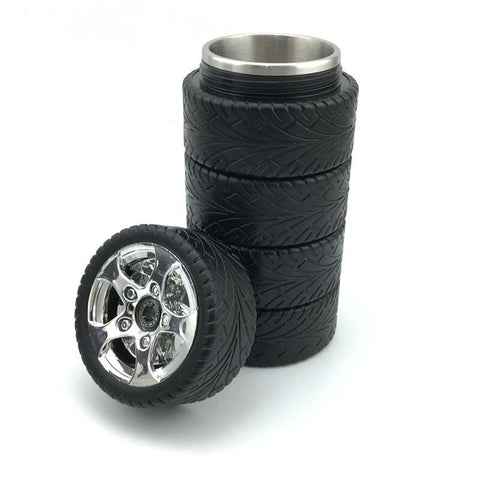 Däckmugg Med Lock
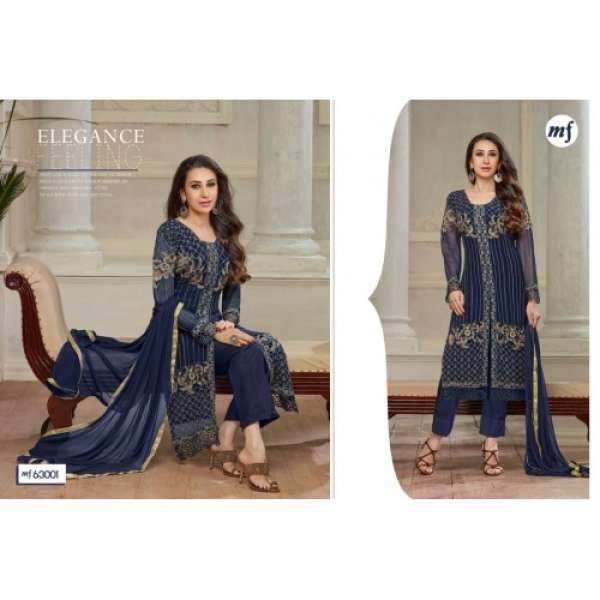 M63001 Blue Maria B Style Salwar Kameez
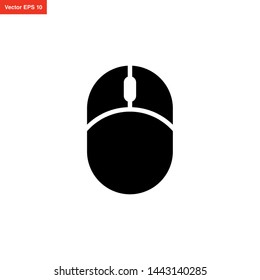 mouse icon flat design vector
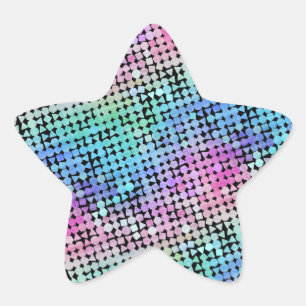 Sticker Étoile arc-en-ciel regen :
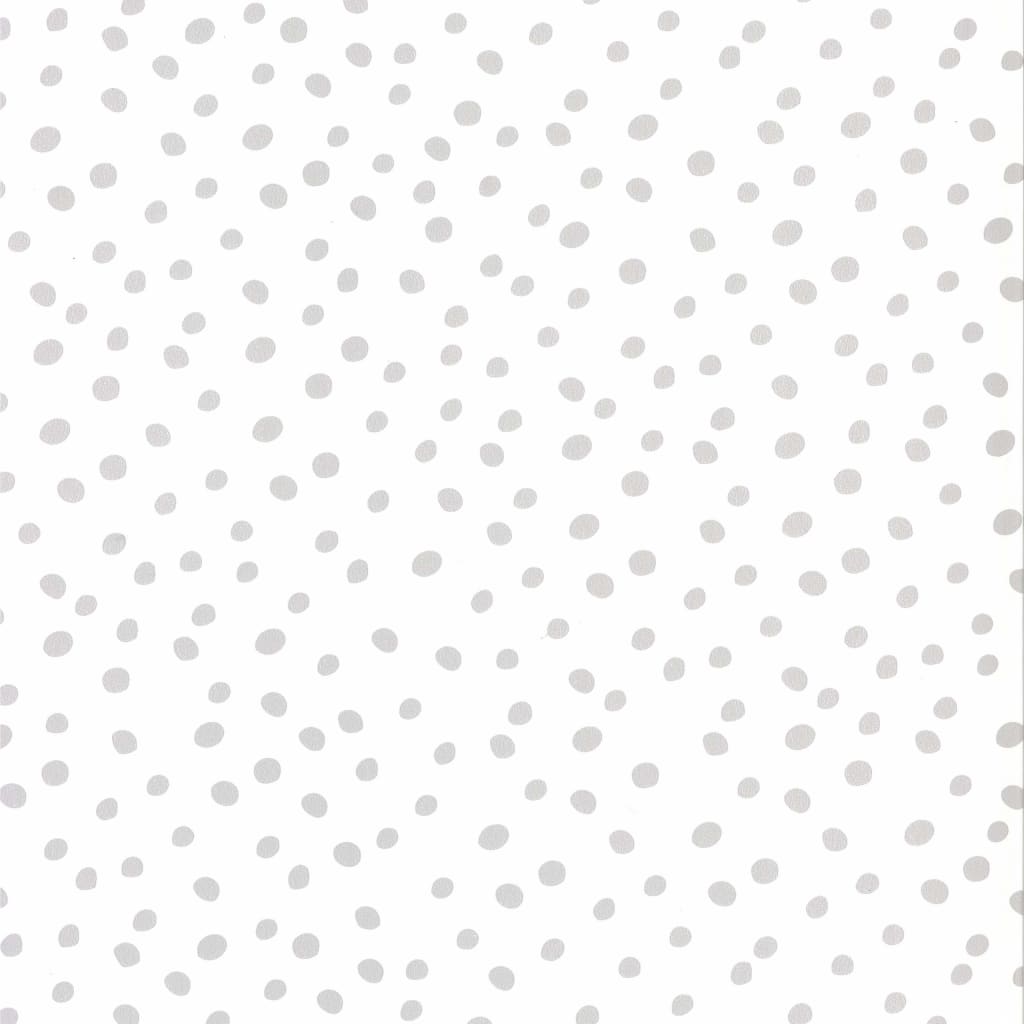 Fabulous World tapet Dots hvid og grå 67106-1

Exercise: Where an entry includes an image, skip the image and return everything else exactly.

Answer to the exercise:
 Däckmugg Med Lock
 M63001 Blue Maria B Style Salwar Kameez
 mouse icon flat design vector
 Sticker Étoile arc-en-ciel regen :
 Fabulous World tapet Dots hvid og grå 67106-1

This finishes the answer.